§ What the exercise asks: Skipping all pictures, print exactly the lines below from the one with "Mesin Bor Pohon" through the final line.

§ Given data:
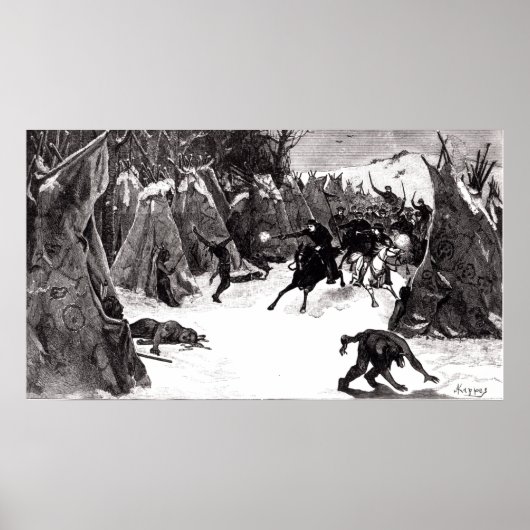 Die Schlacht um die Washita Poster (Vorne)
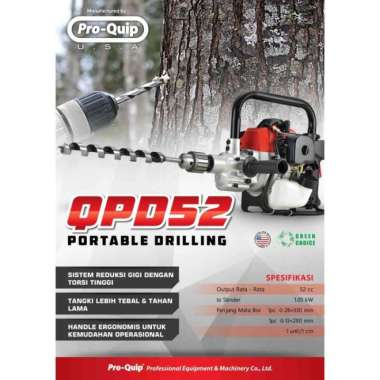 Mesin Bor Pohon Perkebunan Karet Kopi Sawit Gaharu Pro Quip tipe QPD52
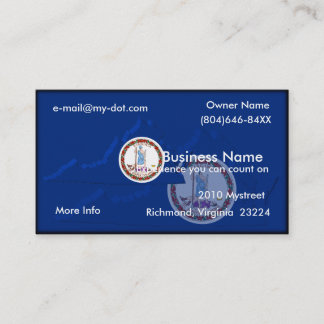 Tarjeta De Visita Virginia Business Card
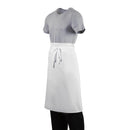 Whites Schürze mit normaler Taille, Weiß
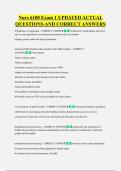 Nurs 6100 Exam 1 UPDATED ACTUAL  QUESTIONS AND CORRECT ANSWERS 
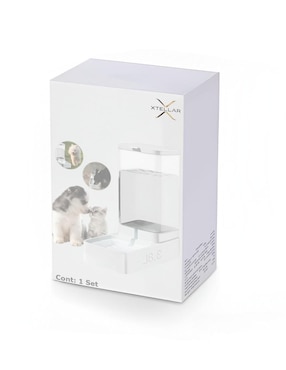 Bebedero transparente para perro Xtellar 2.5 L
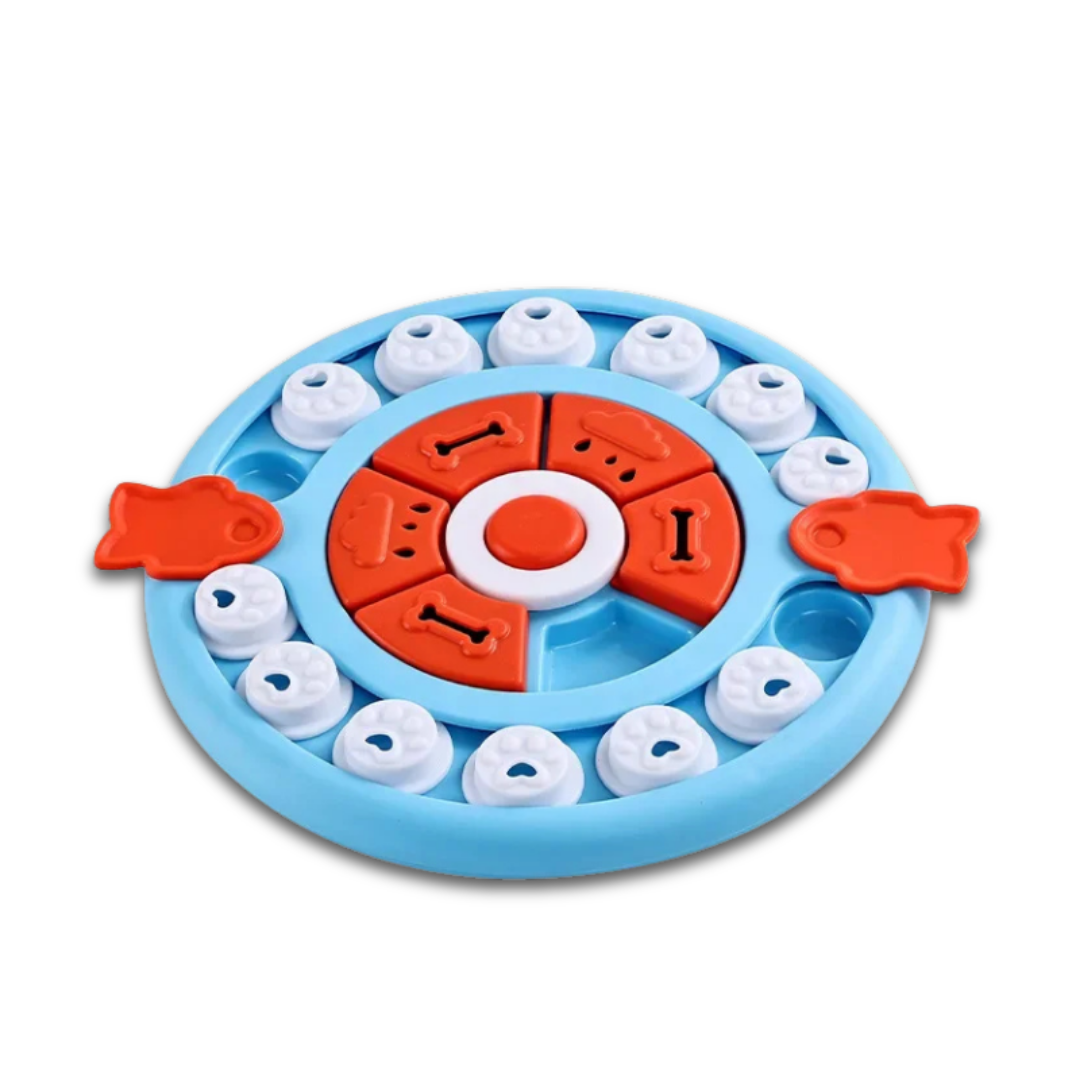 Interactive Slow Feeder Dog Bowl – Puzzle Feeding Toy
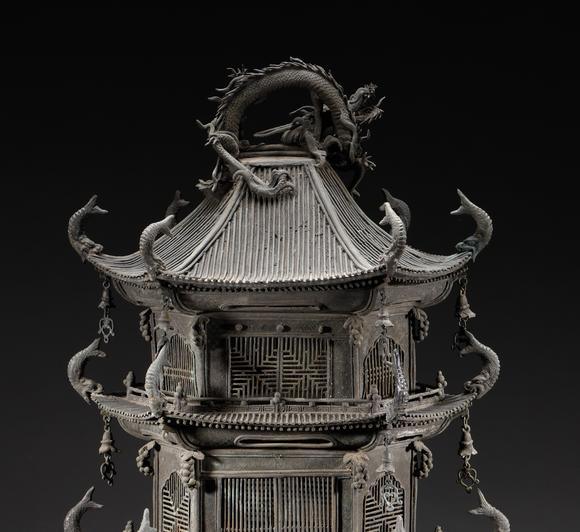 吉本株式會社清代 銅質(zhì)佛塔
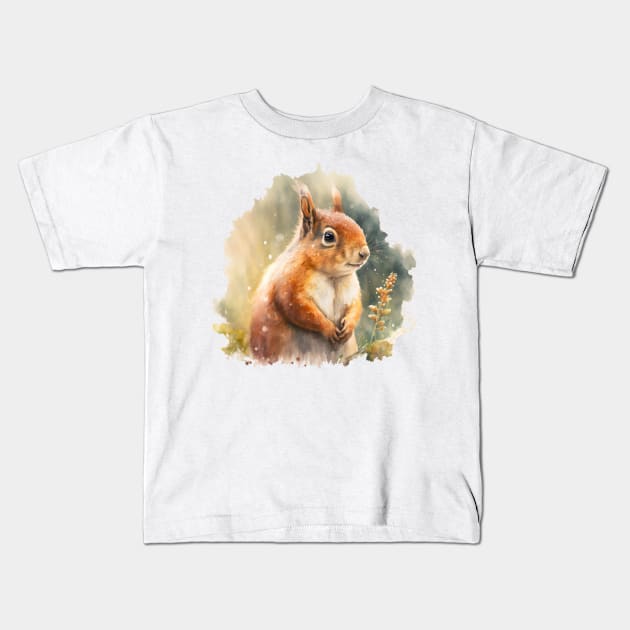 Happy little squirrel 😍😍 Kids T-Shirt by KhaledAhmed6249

§ Reply to the exercise:
 Mesin Bor Pohon Perkebunan Karet Kopi Sawit Gaharu Pro Quip tipe QPD52
 Tarjeta De Visita Virginia Business Card
 Whites Schürze mit normaler Taille, Weiß
 Nurs 6100 Exam 1 UPDATED ACTUAL  QUESTIONS AND CORRECT ANSWERS 
 Bebedero transparente para perro Xtellar 2.5 L
 Interactive Slow Feeder Dog Bowl – Puzzle Feeding Toy
 吉本株式會社清代 銅質(zhì)佛塔
 Happy little squirrel 😍😍 Kids T-Shirt by KhaledAhmed6249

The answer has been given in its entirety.